## WHAT IS REQUIRED:
Everything from the line holding "Белый Мазда 6, объемом" to the last line of the material below must be retyped exactly, minus any pictures.

## AVAILABLE DATA:
-----

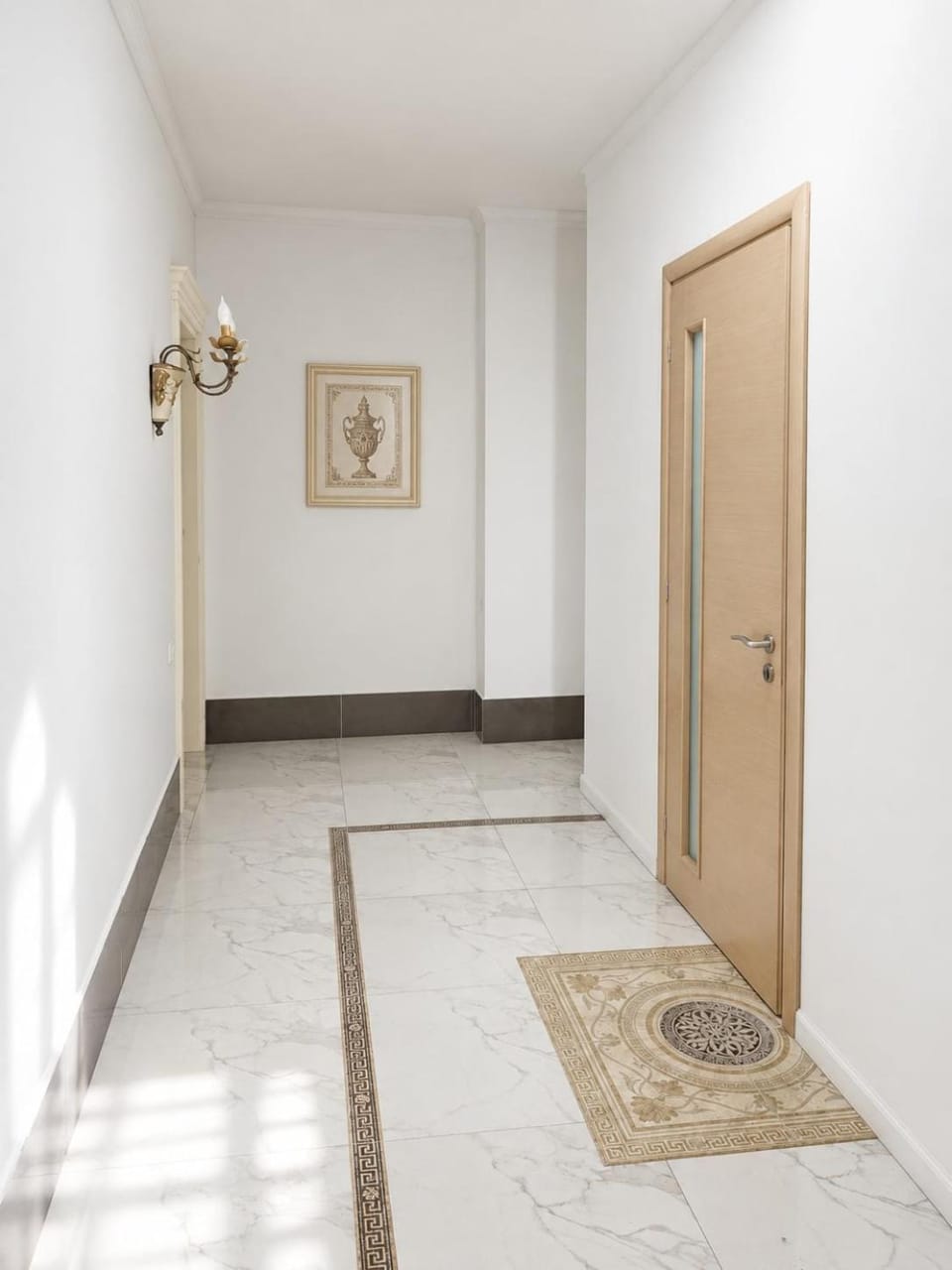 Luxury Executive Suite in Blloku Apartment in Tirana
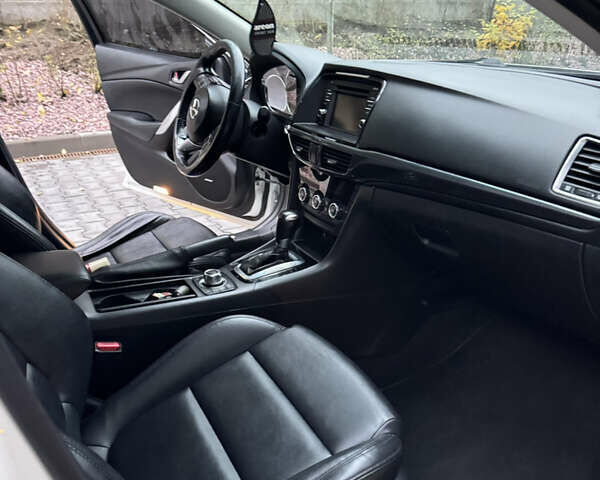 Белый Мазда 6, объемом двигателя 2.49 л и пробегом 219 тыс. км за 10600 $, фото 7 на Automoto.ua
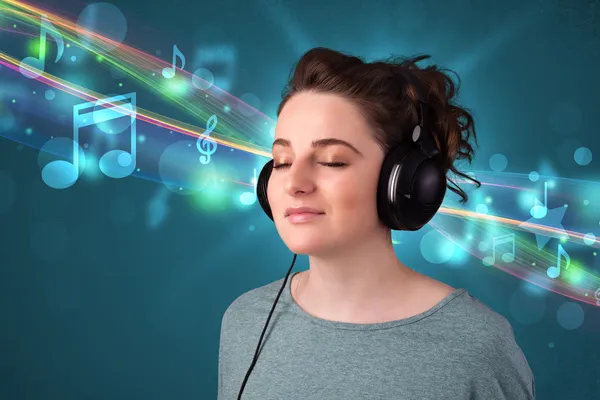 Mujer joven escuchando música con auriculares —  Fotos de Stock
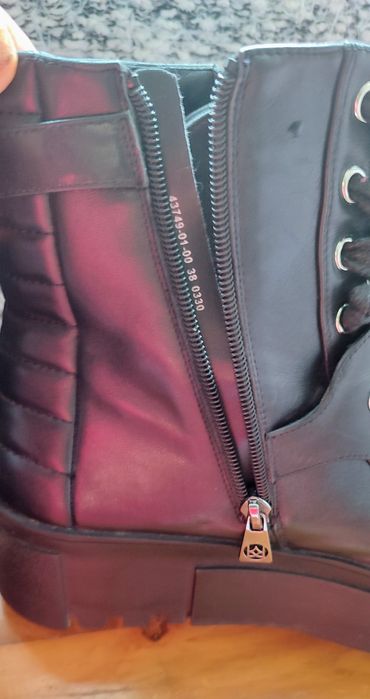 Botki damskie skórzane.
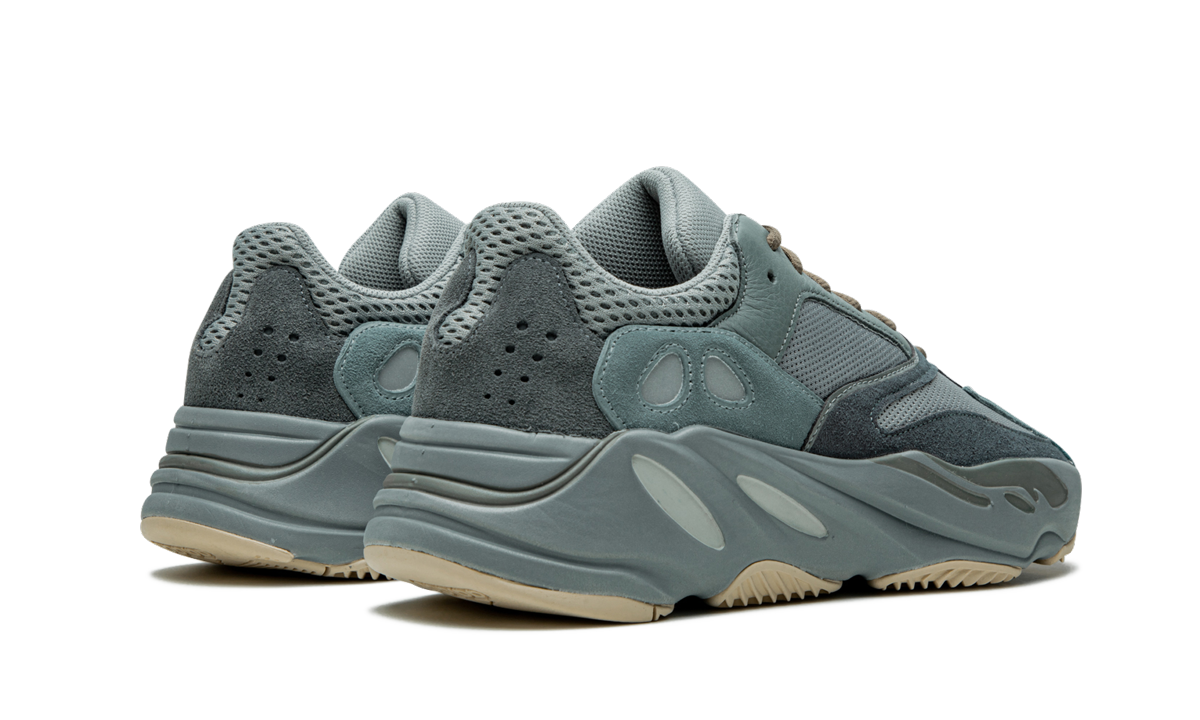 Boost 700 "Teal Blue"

-----

## RESULT OF THIS EXERCISE:
 Белый Мазда 6, объемом двигателя 2.49 л и пробегом 219 тыс. км за 10600 $, фото 7 на Automoto.ua
 Mujer joven escuchando música con auriculares —  Fotos de Stock
 Botki damskie skórzane.
 Boost 700 "Teal Blue"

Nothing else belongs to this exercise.